> **About this task**
Give back every entry precisely as written, without any of the images.

> **Pictures with short captions**

****************************************

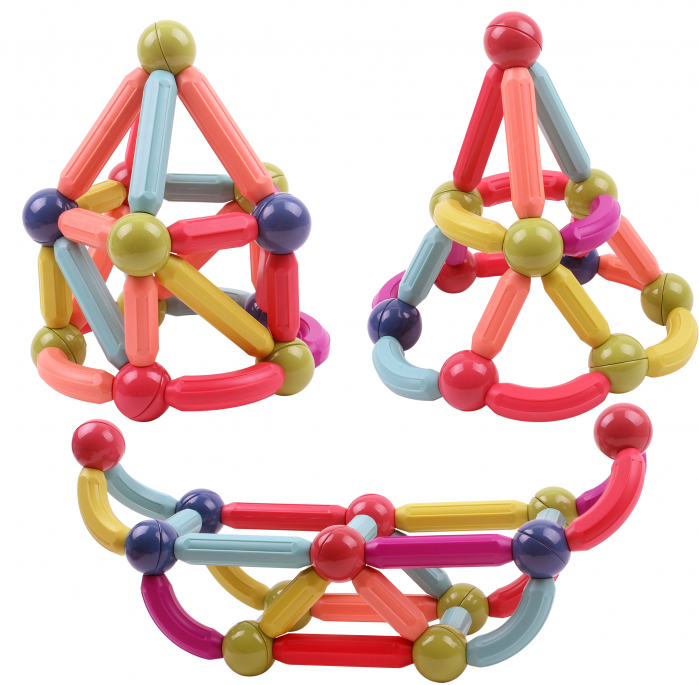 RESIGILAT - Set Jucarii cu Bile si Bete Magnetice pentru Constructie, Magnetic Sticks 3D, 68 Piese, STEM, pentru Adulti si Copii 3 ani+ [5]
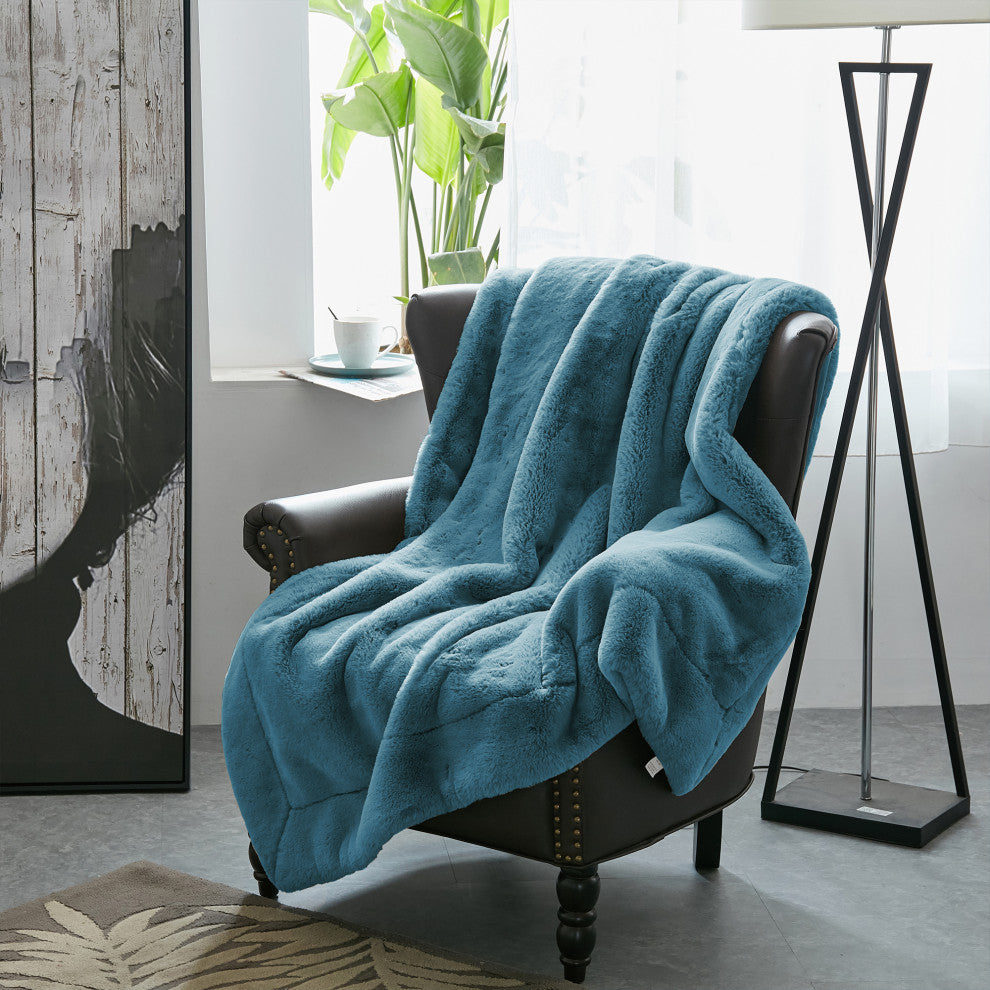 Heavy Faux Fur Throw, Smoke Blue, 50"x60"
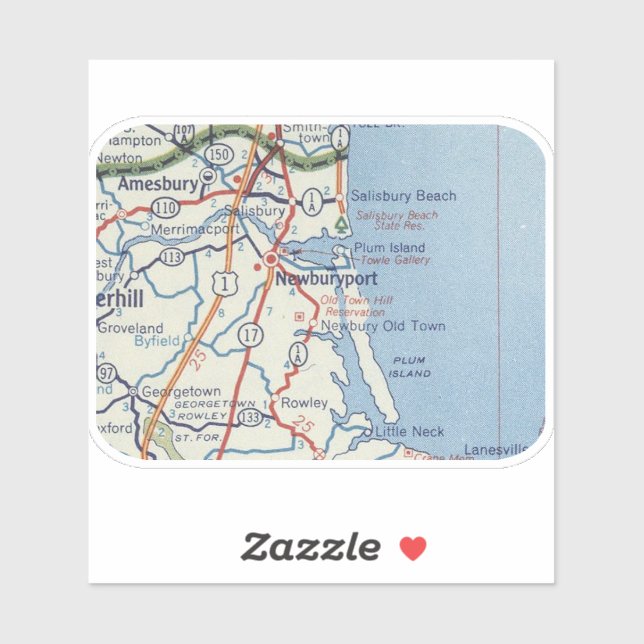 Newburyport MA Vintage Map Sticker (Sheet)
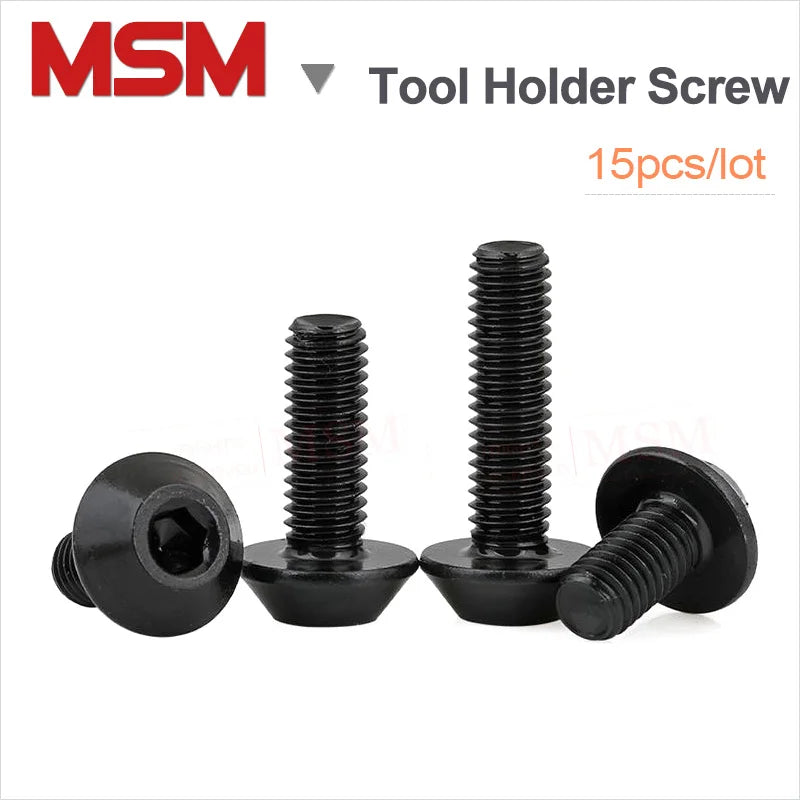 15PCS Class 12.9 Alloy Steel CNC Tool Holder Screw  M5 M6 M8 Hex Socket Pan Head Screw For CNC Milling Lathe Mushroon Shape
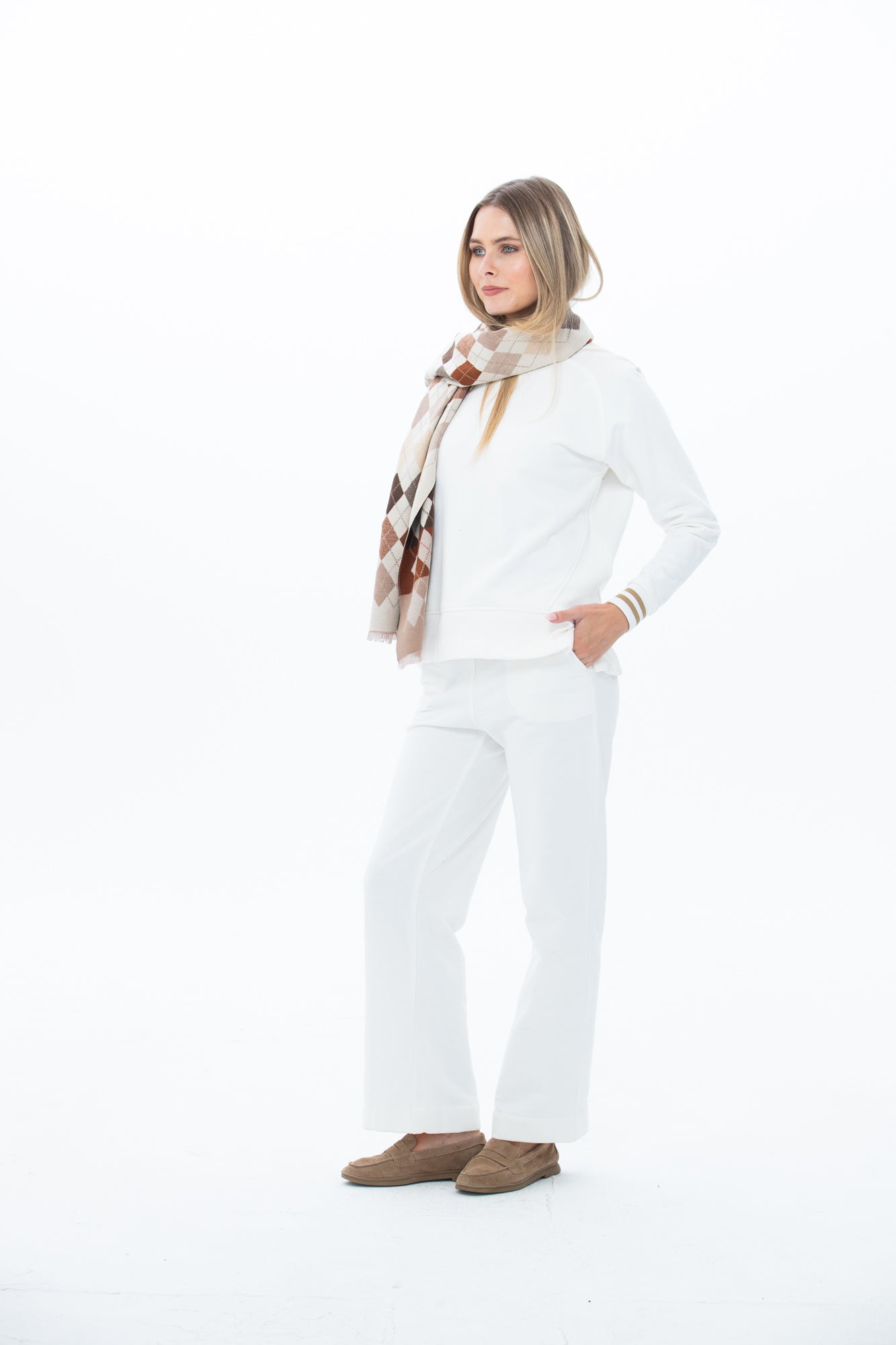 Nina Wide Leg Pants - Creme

****************************************

> **Solution for this exercise**
 RESIGILAT - Set Jucarii cu Bile si Bete Magnetice pentru Constructie, Magnetic Sticks 3D, 68 Piese, STEM, pentru Adulti si Copii 3 ani+ [5]
 Heavy Faux Fur Throw, Smoke Blue, 50"x60"
 Newburyport MA Vintage Map Sticker (Sheet)
 15PCS Class 12.9 Alloy Steel CNC Tool Holder Screw  M5 M6 M8 Hex Socket Pan Head Screw For CNC Milling Lathe Mushroon Shape
 Nina Wide Leg Pants - Creme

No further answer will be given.